Recent Boards of Appeal Decisions on Added Matter: Holding up the Standard

“Recent decisions by the EPO’s Boards of Appeal again underscore the strict enforcement of Article 123 (2) to maintain the high standard it defined for added matter and original disclosure.”

Boards of AppealThe European Patent Office’s (EPO) Boards of Appeal have displayed a stringent approach towards added subject matter in recent decisions, particularly in comparison to other jurisdictions. This stringency is rooted in the provisions of Article 123(2) of the European Patent Convention (EPC), which prohibits amendments that extend beyond the content of the original patent application. The primary objective is to maintain the correlation between the granted patent’s scope of protection and the technical disclosure initially provided in the application.

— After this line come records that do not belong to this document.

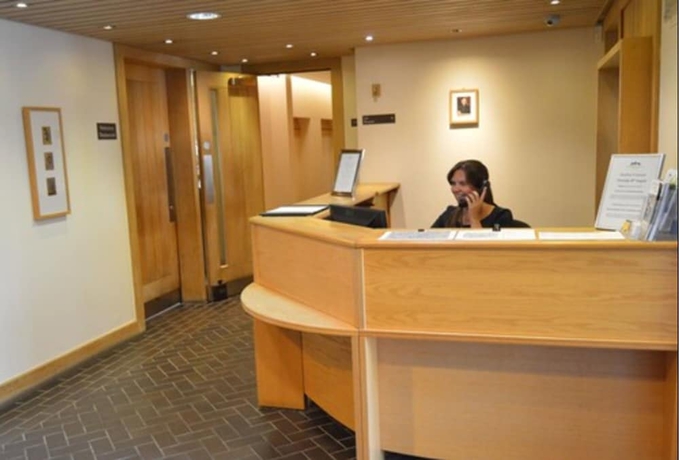 Imagen de los interiores del Hotel Canterbury Cathedral Lodge. Foto 19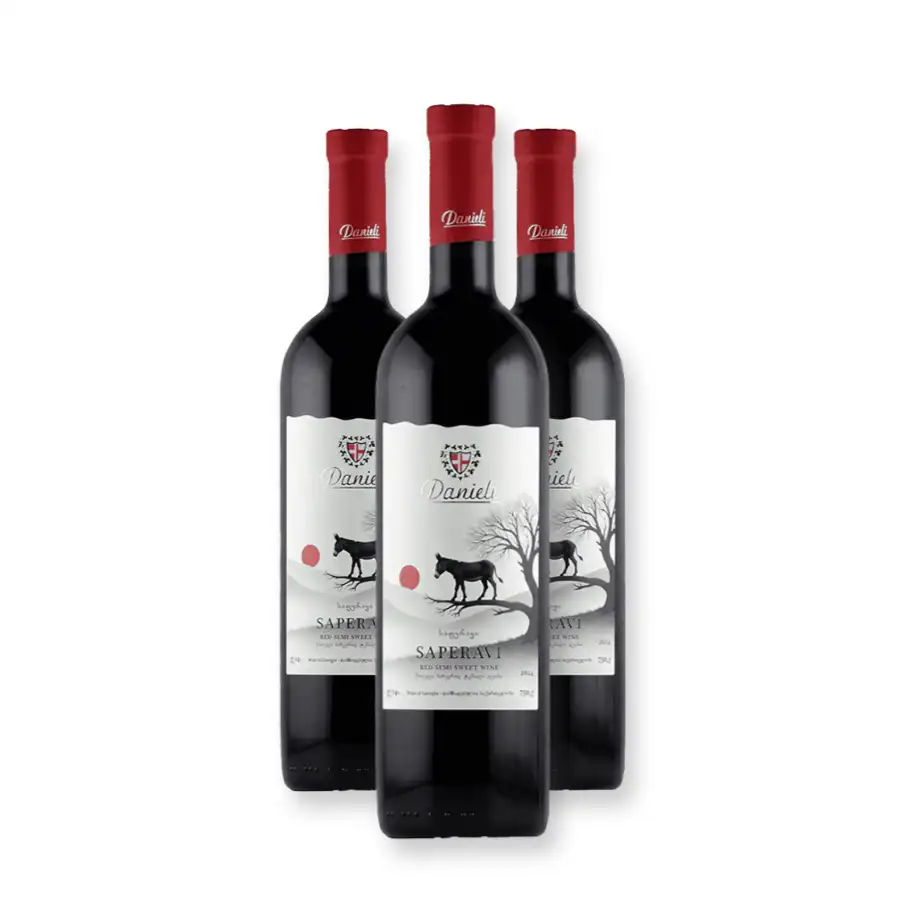 3x Danieli Winery SAPERAVI polosladké červené víno Tři láhve organického polosladkého Saperavi z vinařství Danieli – kompaktní úvod do jedné z nejvýraznějších gruzínských odrůd. Skvělá volba jako dárek nebo pro první seznámení s přirozeně sladkými červenými víny z Kachetie. 3x Danieli Winery SAPERAVI polosladké červené víno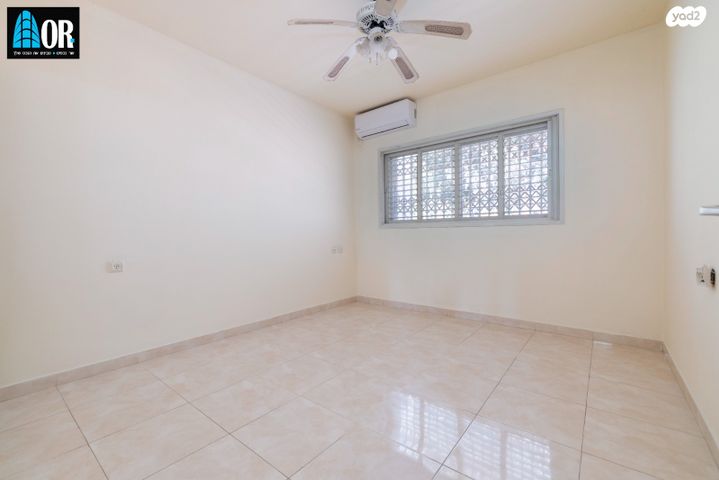 בית פרטי/ קוטג', המגילה, נווה חוף, ראשון לציון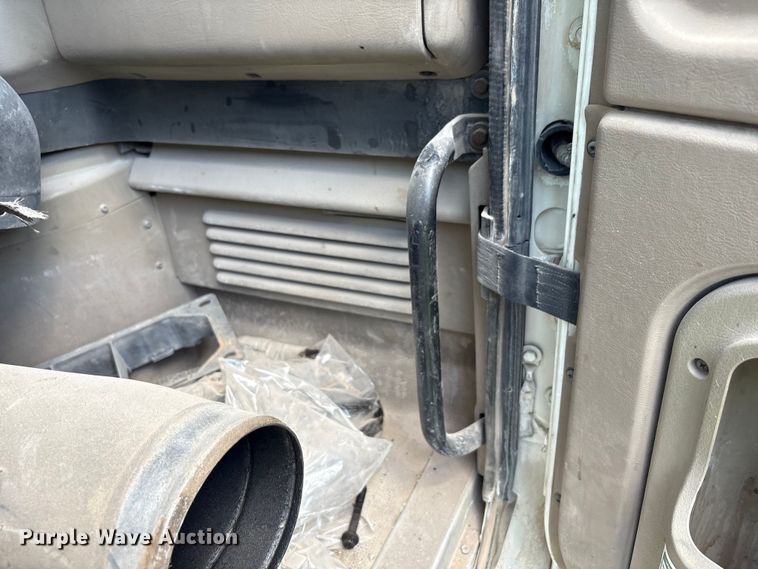 image for item EU4648 2007 International 5500i ready mix truck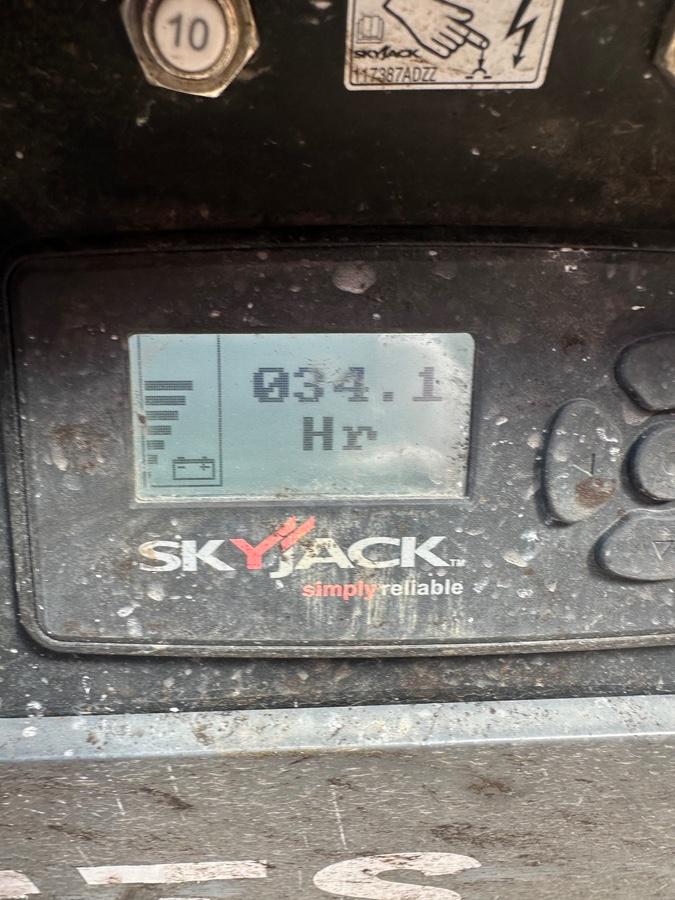 2024 Skyjack SJ3219 Electric Drive, Sld NM Tires, DBcns, RFRails, Power to Platform, T3 + Access Control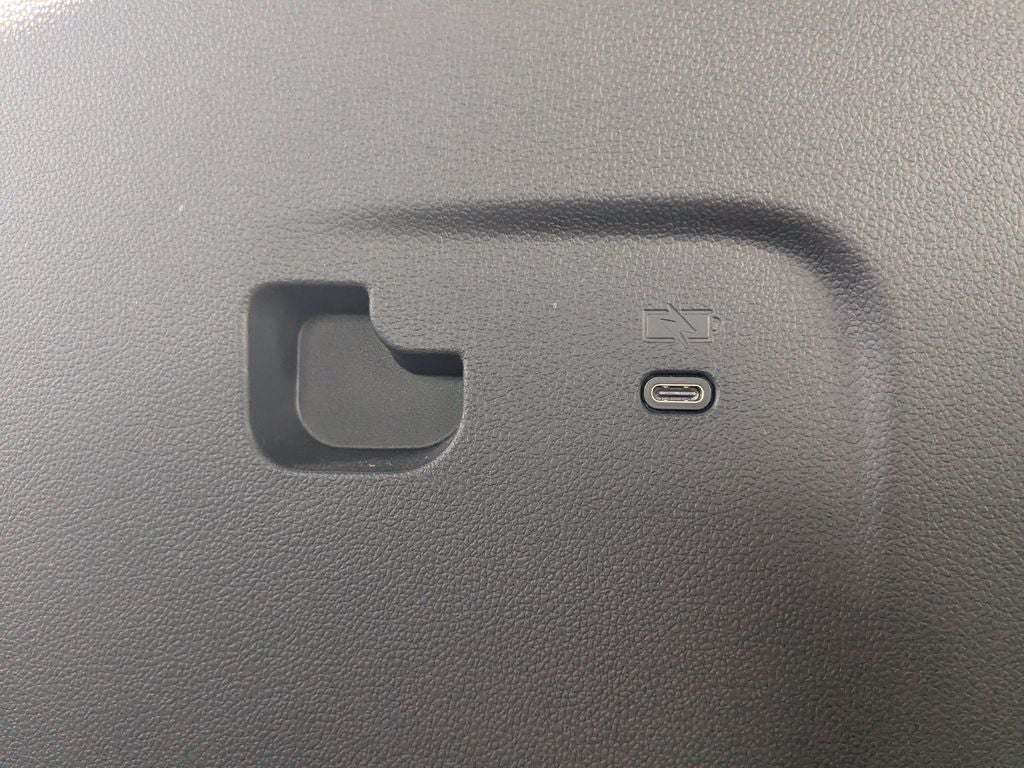 2024 Chevrolet Traverse LS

The Boards of Appeal adhere to several key principles when assessing added subject matter:

  1. Literal Support: Amendments are generally allowed if there is explicit support for the added subject matter in the application as filed. The Boards scrutinize the original disclosure to ensure that the amended claims are directly and unambiguously supported by the description, drawings, and claims of the initial application.
  2. Implicit Disclosure: In some cases, an amendment may be permissible if the skilled person would directly and unambiguously derive the added subject matter from the original disclosure, even if it is not explicitly mentioned. This relies on the concept of the “implicit disclosure” standard.
  3. Intermediate Generalization: The Boards consider whether an amendment introduces an “intermediate generalization,” which involves isolating specific features from a more detailed original disclosure. Such generalizations may be allowed if they do not result in a new technical teaching that goes beyond the original content.
  4. Overall Assessment: The Boards perform a comprehensive assessment of the entire application to determine if the amendments maintain the balance between protecting the legitimate interests of the patentee and ensuring legal certainty and clarity for third parties.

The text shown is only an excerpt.